By: M. I. Silveira e Silva
photos from @mun.stpauls on instagram
Amongst the various trips and experiences St. Paul’s provided me with, Model United Nations was, in my opinion, one of the best outcomes. Even though conference procedures and preparations are always quite similar, each conference brings out different experiences and lessons that put me in tricky situations where I always doubt whether I will be able to find a way out. And I believe this trip to Brown University for BUSUN 2017 (Brown University Simulations of the United Nations) Conference wasn’t any different.
BUSUN Conference takes place every year in the second weekend of November, at Brown University – part of the Ivy League group - and I believe this alone would be enough to set the standard of the conference. Delegates were experienced, ready to tackle the issues thrown at them, and overall, excited to work their way out through the worlds’ current conflicts. On top of being involved with the conference, throughout the week we spent there, we also had the opportunity to attend open classes, such as “The Principles of Economics” and “The Illicit global economy of counterfeiting and intellectual property theft”.

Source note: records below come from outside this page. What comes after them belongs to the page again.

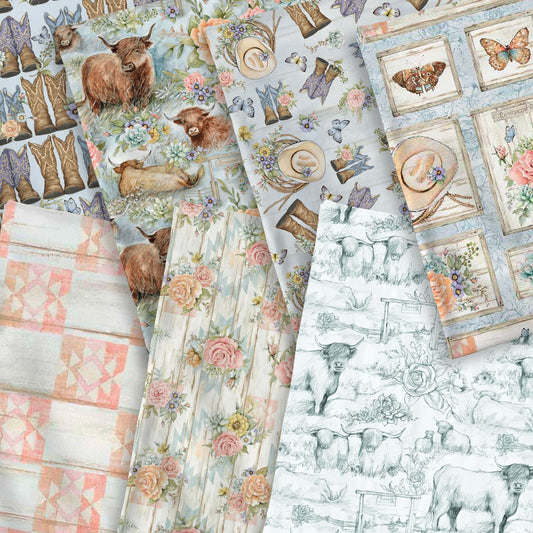 Highland Ranch Cows 7 Piece Fat Quarter Set 18" x 21" Bundle Precut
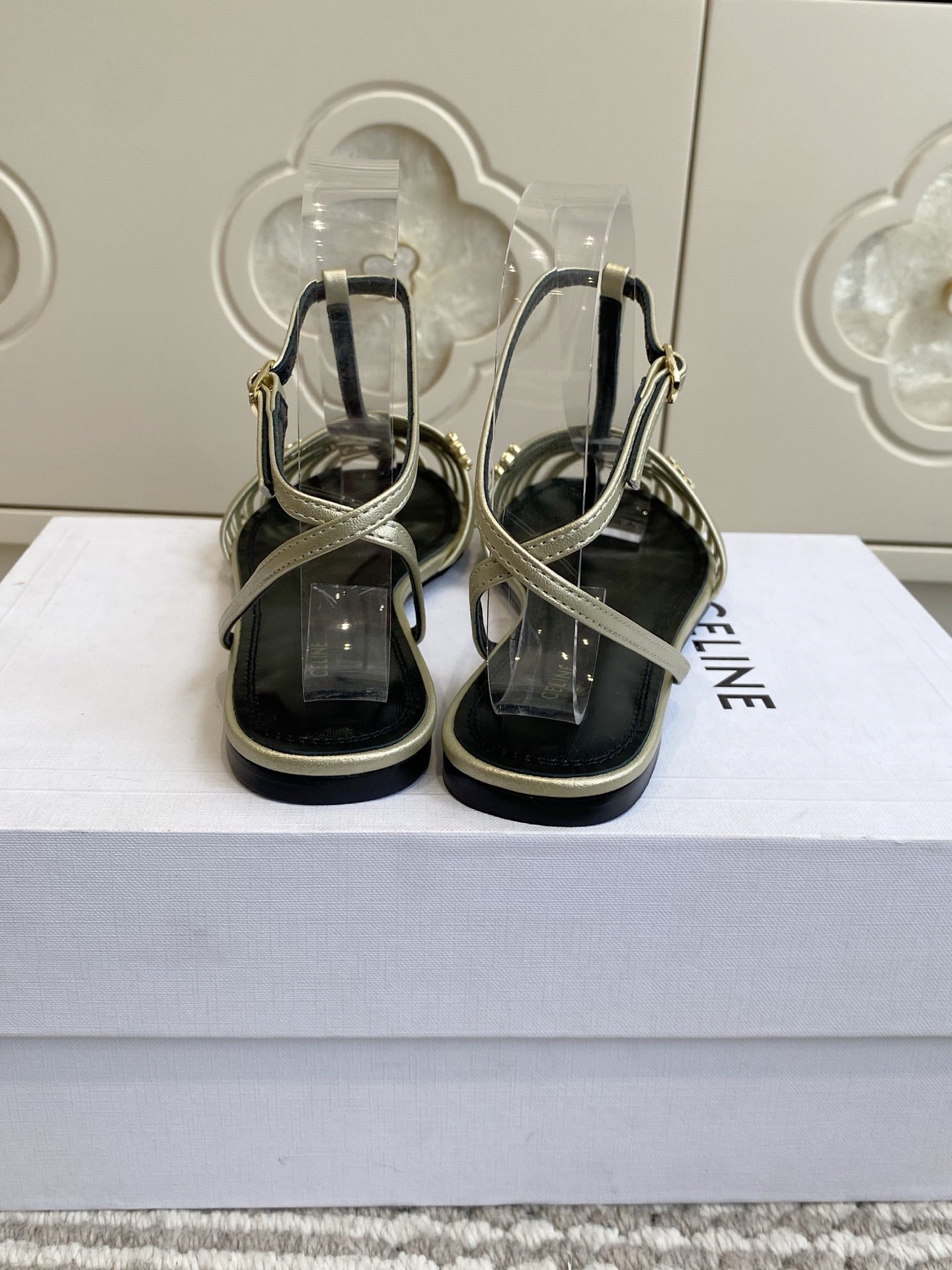 CELINE 26S CLEA TRIOMPHE GLADIATOR SANDALS IN CHAMPAGNE GOLD LAMBSKIN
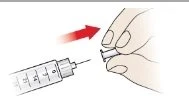 A hand holding a protective cap to apply it onto the tip of a medical syringe needle, with a directional red arrow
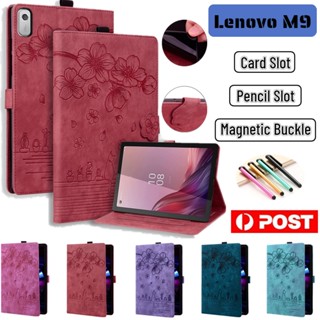 เคสหนัง ฝาพับ ลายดอกไม้ แมว กันตก สําหรับ Lenovo Tab M9 TB310XU TB310FU 9 นิ้ว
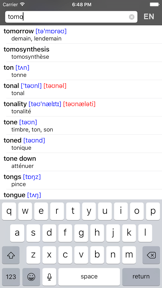 French-English dict. - DIC-o screenshot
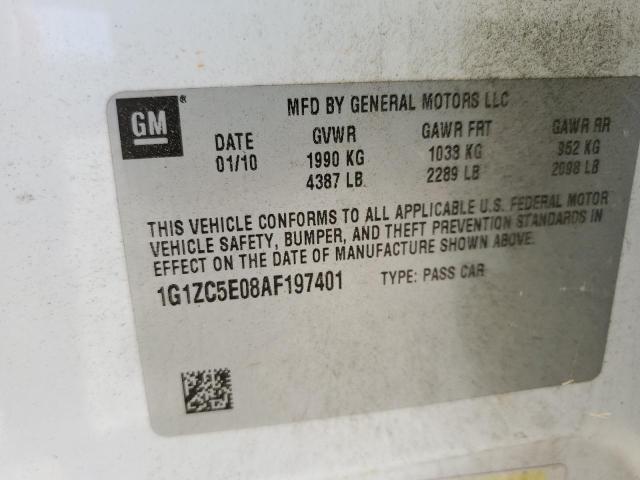 1G1ZC5E08AF197401 - 2010 CHEVROLET MALIBU 1LT 白色 照片 12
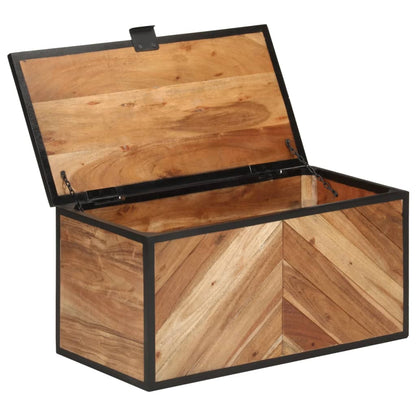 Opbergbox 60x30x30 cm massief acaciahout en ijzer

Personally, in this conference, I was given the opportunity to represent Somalia at the Arab League Committee. There we discussed topics such as: “Preserving the rights and lives of protestors in all regions with a focus on those controlled by authoritarian regimes” and “The ongoing war in Yemen and the path towards resolving it and rebuilding the country’s infrastructure that has been destructed throughout the course of the war.” To solve such, we had to prepare resolutions and persuade other delegations that our solution would not only be the most effective, but also that it would benefit all. Points of information, motions and voting procedures were unaccountably made, allowing us to pass two resolutions for both topics mentioned above.
BUSUN to me, was important not only because it enhanced my debating skills by making me impose myself in front of several other delegates from numerous nationalities, but also because it concluded my Model United Nations journey at St. Paul’s. As someone who has been part of MUN for 5 years, I am grateful for the opportunities it has provided me with and truly encourage all those who still have time to pursue it and engage with it. Model UN has helped me lose my fear of public speaking, made me understand that persistence and perseverance are essential and most importantly, and taught me that those who are crazy enough to think they can change the world, are actually the ones who do.